Orwell prende in prestito un termine, per cercare di darne forma ad un altro che risulta mancante, un vocabolo assente per delineare una consuetudine mentale, che condiziona il nostro modo di pensare su quasi ogni argomento.

Lui sceglie Nazionalismo come equivalente inglese più simile, all’idea che intende esprimere, difatti nella sua descrizione il nazionalista è colui che mette la nazione davanti –chiarendo che per nazione, intende ed estende, un qualsiasi tipo di movimento e tendenza, dal comunismo al pacifismo e tanti altri “ismo” -, arrivando persino ad annullare la sua individualità, nel bene e nel male ne favorirà il potere e il prestigio. 

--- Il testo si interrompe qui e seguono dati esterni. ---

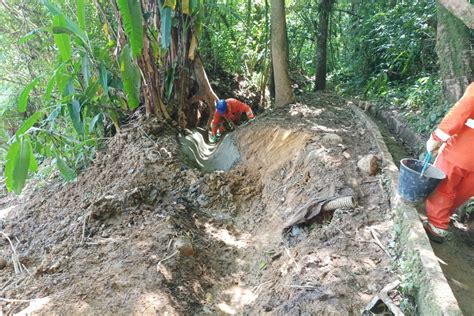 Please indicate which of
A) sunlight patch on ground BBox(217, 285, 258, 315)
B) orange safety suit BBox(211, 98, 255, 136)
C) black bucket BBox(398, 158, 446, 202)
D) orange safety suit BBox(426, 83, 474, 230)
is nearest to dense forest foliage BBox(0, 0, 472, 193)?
orange safety suit BBox(211, 98, 255, 136)

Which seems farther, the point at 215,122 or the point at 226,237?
the point at 215,122

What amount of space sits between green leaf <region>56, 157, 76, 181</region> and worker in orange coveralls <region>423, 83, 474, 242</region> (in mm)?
4866

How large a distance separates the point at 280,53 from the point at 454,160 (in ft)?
14.5

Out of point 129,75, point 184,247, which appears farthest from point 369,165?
point 129,75

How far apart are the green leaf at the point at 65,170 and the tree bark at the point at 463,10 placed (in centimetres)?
533

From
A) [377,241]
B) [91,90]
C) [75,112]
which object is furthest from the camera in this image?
[91,90]

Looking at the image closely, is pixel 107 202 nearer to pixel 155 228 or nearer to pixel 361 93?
pixel 155 228

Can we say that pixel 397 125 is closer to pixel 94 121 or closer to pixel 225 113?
pixel 225 113

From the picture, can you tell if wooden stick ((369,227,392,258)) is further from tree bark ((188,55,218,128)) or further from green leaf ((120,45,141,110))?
tree bark ((188,55,218,128))

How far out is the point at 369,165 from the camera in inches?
153

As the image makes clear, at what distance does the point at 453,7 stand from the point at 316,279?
2966 mm

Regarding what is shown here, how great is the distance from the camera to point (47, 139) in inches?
248

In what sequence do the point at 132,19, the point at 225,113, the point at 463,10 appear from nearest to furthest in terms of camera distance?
the point at 463,10, the point at 132,19, the point at 225,113

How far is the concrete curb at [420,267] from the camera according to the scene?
2164mm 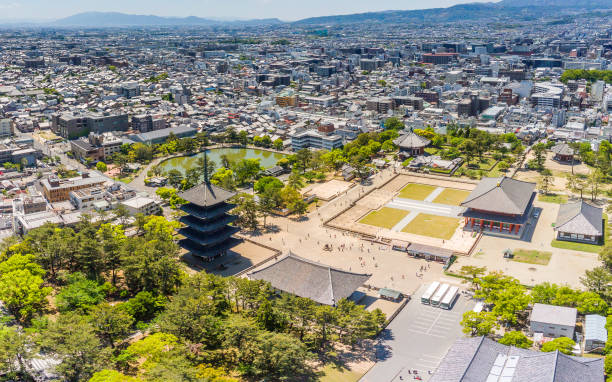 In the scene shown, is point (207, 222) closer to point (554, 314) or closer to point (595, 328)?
point (554, 314)

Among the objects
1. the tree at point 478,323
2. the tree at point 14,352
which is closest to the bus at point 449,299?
the tree at point 478,323

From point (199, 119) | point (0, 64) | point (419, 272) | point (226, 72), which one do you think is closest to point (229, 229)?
point (419, 272)

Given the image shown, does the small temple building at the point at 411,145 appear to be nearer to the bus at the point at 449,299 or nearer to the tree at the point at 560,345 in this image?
the bus at the point at 449,299

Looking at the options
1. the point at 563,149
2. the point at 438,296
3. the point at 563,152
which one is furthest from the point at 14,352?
the point at 563,149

Sviluppando quasi un’ossessione non saprà pensare, scrivere o parlare d’altro, un’opinione antitetica sarà vista come un brutto colpo al quale replicare bruscamente, ogni azione anche feroce se operata per la propria causa sarà reputata valida e ortodossa, negheranno il passato scomodo anche di fronte all’evidenza dei fatti tentando quasi di riscriverlo. 

LA FAMOSA MANO INVISIBILE E IL BUON MOTIVO PER INIZIARE A FINANZIARE L’ARTE

E qui scatta l’effetto allappante della propaganda, una realtà manipolante che cerca di arginare la possibilità di una qualsiasi controparte, condizionando, con innesto alla radice, il pensiero contemporaneo, attaccandolo su più fronti, rendendo le persone succubi di un determinato pensiero, ritenuto alla fine, come proprio.

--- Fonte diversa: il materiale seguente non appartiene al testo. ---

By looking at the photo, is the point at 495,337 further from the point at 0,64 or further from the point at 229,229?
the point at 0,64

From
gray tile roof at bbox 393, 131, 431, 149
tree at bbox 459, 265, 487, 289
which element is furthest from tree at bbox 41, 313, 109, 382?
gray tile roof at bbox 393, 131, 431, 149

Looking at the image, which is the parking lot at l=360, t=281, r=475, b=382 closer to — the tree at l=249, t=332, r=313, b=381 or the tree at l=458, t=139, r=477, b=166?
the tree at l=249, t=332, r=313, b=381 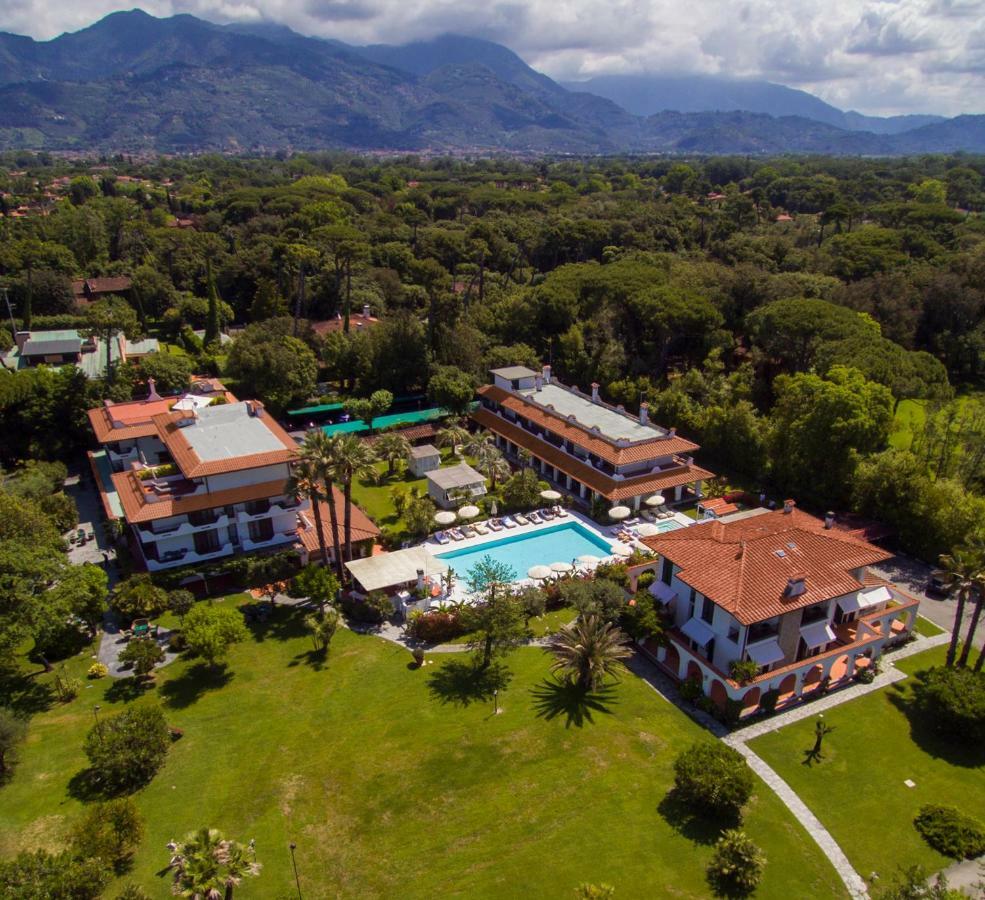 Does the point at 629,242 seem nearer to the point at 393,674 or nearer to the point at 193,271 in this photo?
the point at 193,271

Si difende la libertà morale ma non è contemplata quella politica. Vincolando l’indipendenza del pensiero, la libertà di stampa che sta nella vera libertà di opinione e critica, non è così più libera e colui che ha il coraggio di dissentire seppur magari non perseguitato attivamente, viene impedito dall’andamento generale di questa società ormai meccanopatica. Di fatto l’artista, dallo scrittore al musicista, viene obbligato a lavorare come impiegato, deve accontentarsi di lavori mortificanti ma remunerati perché altrimenti non riceverebbe, in questa lotta per l’emancipazione della verità, l’aiuto dei suoi simili, ovvero, la retribuzione per il proprio lavoro.

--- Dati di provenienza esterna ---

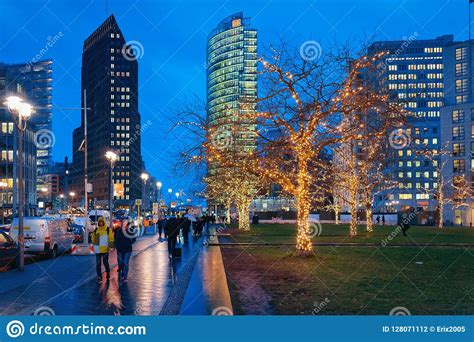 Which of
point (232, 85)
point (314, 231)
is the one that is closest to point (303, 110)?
point (314, 231)

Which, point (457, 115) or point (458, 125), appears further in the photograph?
point (457, 115)

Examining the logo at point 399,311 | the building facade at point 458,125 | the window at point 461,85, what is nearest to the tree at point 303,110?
the logo at point 399,311

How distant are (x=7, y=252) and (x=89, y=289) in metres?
7.14

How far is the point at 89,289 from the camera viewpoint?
571 inches

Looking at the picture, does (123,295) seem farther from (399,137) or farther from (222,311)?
(399,137)

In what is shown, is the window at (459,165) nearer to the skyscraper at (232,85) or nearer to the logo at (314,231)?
the skyscraper at (232,85)

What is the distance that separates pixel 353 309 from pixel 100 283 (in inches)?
299

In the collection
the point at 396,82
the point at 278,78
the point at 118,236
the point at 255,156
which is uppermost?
the point at 396,82

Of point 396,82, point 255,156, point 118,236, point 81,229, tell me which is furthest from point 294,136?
point 396,82

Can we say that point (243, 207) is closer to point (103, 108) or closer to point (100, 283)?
point (100, 283)

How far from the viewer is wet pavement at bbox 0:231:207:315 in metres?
11.5

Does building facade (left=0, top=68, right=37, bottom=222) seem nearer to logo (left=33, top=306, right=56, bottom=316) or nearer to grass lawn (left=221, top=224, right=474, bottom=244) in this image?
grass lawn (left=221, top=224, right=474, bottom=244)

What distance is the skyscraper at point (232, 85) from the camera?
73.8 feet

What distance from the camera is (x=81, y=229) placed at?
3853cm
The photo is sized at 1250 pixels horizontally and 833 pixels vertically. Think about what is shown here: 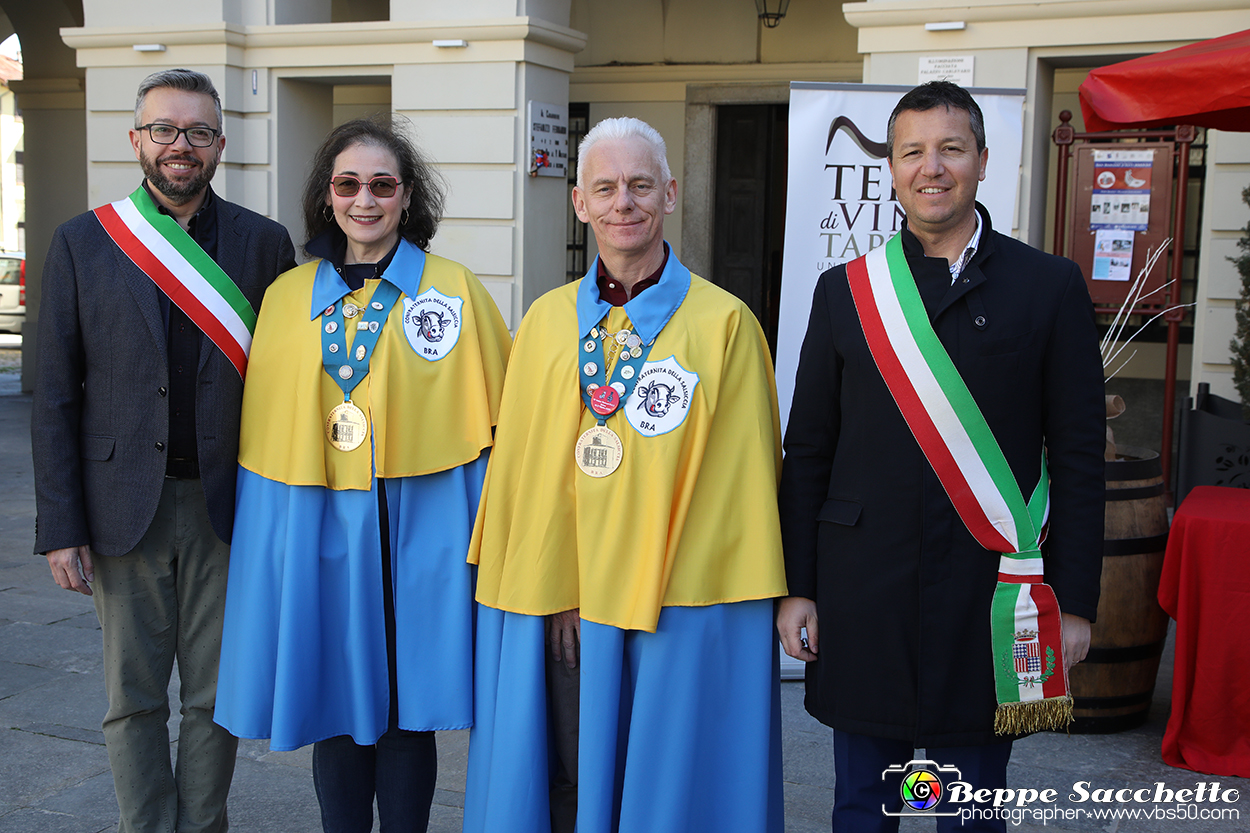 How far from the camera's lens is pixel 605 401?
2.44 meters

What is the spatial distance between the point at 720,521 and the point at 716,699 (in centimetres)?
38

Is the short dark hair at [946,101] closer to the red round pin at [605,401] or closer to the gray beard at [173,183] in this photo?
the red round pin at [605,401]

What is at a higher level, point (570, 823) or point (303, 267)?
point (303, 267)

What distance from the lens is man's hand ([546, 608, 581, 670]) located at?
2.52 meters

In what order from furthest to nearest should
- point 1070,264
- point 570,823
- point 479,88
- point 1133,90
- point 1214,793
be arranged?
point 479,88, point 1133,90, point 1214,793, point 570,823, point 1070,264

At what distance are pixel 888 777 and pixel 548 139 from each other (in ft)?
22.2

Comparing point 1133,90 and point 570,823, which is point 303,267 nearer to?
point 570,823

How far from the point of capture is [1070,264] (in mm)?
2410

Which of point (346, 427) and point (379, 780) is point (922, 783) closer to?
point (379, 780)

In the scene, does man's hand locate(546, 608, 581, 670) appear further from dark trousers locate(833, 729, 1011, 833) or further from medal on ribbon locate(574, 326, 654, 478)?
dark trousers locate(833, 729, 1011, 833)

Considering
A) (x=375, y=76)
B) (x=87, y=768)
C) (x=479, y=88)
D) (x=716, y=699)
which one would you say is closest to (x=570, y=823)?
(x=716, y=699)

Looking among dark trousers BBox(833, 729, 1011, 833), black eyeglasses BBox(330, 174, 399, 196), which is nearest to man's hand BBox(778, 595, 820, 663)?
dark trousers BBox(833, 729, 1011, 833)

Soggetti alla convenienza o meno, di dire menzogne, in una perpetrazione stagnante di contenuti e del conseguente progresso, la libertà finisce tra i grandi indesiderati. E forse da ora si inizierà a rivalutare la possibilità di essere finanziatori attivi della società che si desidera, iniziando, nel proprio piccolo a dare supporto al mondo libero dell’arte. 

CONCLUSIONE

In questo copione già visto, più e più volte, proprio ora, che ci ritroviamo ancora come allora, nella fase di uno sconvolgimento che ci tocca da vicino, possiamo osservare come la macchina della propaganda sia ancora in funzione, senza esclusione di colpi, si cercano reclute, ma su molti più fronti di quello che si crede, dove alla fine è normale chiedersi se ogni azione ragionata e voluta da noi sia realmente nostra.

Così finisce che quella sensazione di déjà-vu a rischio ponfata, la metti da parte.

Forse siamo un po’ tutti figli della propaganda, la metà delle nostre idee sono non idee e l’altra metà non sono di nostra fattura. Quindi, cosa ci rimane? Il vuoto siderale dell’incertezza soverchiante, fantastico luna park emozionale, al sapor di calcio in culo. 

Dopo una crisi d’identità Pirandelliana possiamo decidere di darci per morti come Pascal e riiniziare, con un altro nome, una vita nuova ma in una società uguale; di vivere con uno, nessuno centomila versioni prototipe di noi, adatte ad ogni occasione; oppure prendere tutto quello che ingurgitiamo da sempre a occhi chiusi e iniziare a chiedersi cosa c’è dentro, per liberarlo, nel caso, da tutti i condizionamenti e i non significati extra gusto, mondandolo del superfluo. Per un ritorno alle basi del ragionamento più puro e soprattutto libero.  

Essere in grado di interrogarsi sulla realtà delle cose con una visione aperta, disponibile alla critica e opinione, ben venga il patriottismo delle idee ma senza feticci o improvvise crociate criptocristiane personali.

Il miglior modo di vivere nei propri ideali sta nel renderli liberi di essere accolti o rifiutati e non imposti. 

La conclusione è, che questo libro è molto più Blast di Blast stesso, al capitolo VI. Verso l’unione Europea, Orwell, raggiunge picchi di indubbia elevazione divina, ci consegna di fatto un oracolo dei tempi moderni, con il quale praticare dell’audace introspezione, ma non aggiungerò altro, il resto spetterà a voi leggerlo.